É quase impossível não aproximar Roman Polanski, diretor de “O Oficial e o Espião”, do capitão Dreyfus, vítima de um ignóbil erro judiciário. Não seria uma forma nem tão sutil assim de dizer ao mundo que ele é tão inocente quanto Dreyfus e igualmente massacrado por uma mídia que busca produzir culpados a qualquer custo?

Pode ser que essa tenha até sido a motivação do projeto. Se foi assim, porém, Polanski mostrou-se hábil para escapar da armadilha. Escapou de outra, que teria sido centrar o caso na célebre série de artigos escrita por Émile Zola, em que defendeu o oficial condenado como sendo o traidor que entregou segredos militares à rival Alemanha.

Zola e a imprensa da época tornam-se assim personagens secundários da trama, e o papel central passa ao coronel Picquart, responsável  por descobrir os papéis que põem em xeque as provas da culpabilidade de Dreyfus aceitas por um tribunal militar.

Embora um tanto esquecido, o caso é, até hoje, o máximo exemplo de algumas perversões da civilização —o antissemitismo (pois Dreyfus era judeu) e o hábito irracional de produzir caças às bruxas, que acompanha a tendência ao linchamento (moral ou literal) de certos grupos ou pessoas, a partir da construção de um discurso que autoriza, justifica e glorifica todas as baixezas do mundo.

Esse discurso pode ser banal assim: Dreyfus é judeu; judeus são por excelência apátridas que só amam o dinheiro, portanto o culpado só pode ser Dreyfus, o judeu.

Como se vê, Polanski lida —a partir de um Picquart que não demonstra a menor simpatia pelos judeus, mas aspira a produzir um tanto de racionalidade e justiça— com temas que estão na ordem do dia.

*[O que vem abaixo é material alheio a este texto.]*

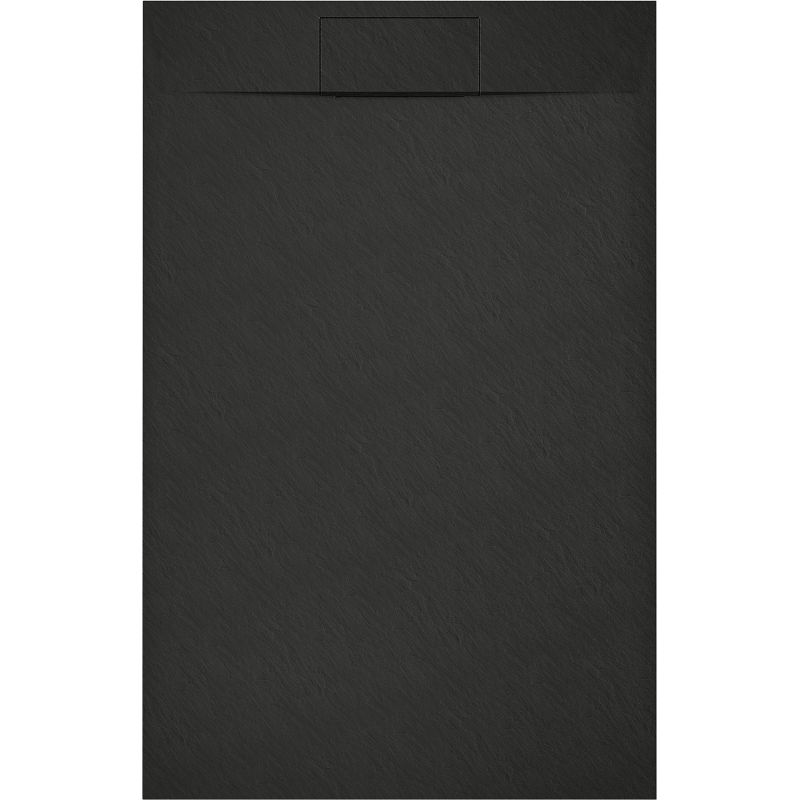 Mexen Otto plato de ducha rectangular SMC 140 x 90 cm, negro - 4N709014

Existe a tolerância, evidentemente, assim como o nacionalismo, a traição (perpetrada no caso pelas altas patentes do Exército contra o próprio Exército). Existe ainda algo que de tempos em tempos volta ao cinema de Polanski, que é um profundo pessimismo quanto à natureza e ao destino humanos.

 
Tornam-se mais claras certas opções de mise-en-scène, como o fato de deixar em segundo plano Émile Zola, o personagem que mais se destacou em toda essa história.

Zola encarnou para várias gerações, a coragem e a grandeza do homem. Para Polanski essa grandeza não é algo tão claro assim: o homem é feito também (e talvez sobretudo, na visão do cineasta) de vilanias sem fim, de ódios que não têm a menor razão de ser, de paixões e oportunismos em que a desrazão triunfa 
facilmente sobre a razão.

A sobriedade fria que caracteriza “O Oficial e o Espião” é acentuada pela fotografia e por uma direção de arte por vezes quase monocromática. Essa característica se torna mais evidente na interpretação do elenco notável, à frente do qual Jean Dujardin tem, de longe, sua interpretação mais marcante. A secundá-lo, Louis Garrel interpreta um Dreyfus igualmente discreto.

Como se trata de um filme francês, existe sempre um picante caso extraconjugal a animar a história (como se fosse preciso). E como o próprio Polanski arrasta pela vida afora um nebuloso caso de suposta pedofilia, pelo sim, pelo não, o diretor deu o papel de Pauline Monnier à sua mulher, a aliás ótima Emmanuelle Seigner.

Não adiantou: as feministas francesas continuam furiosas com ele. De todo modo, “O Oficial e o Espião” é uma demonstração a mais de que o homem e seu mundo podem ir bem mal, que o cinema vai muito bem.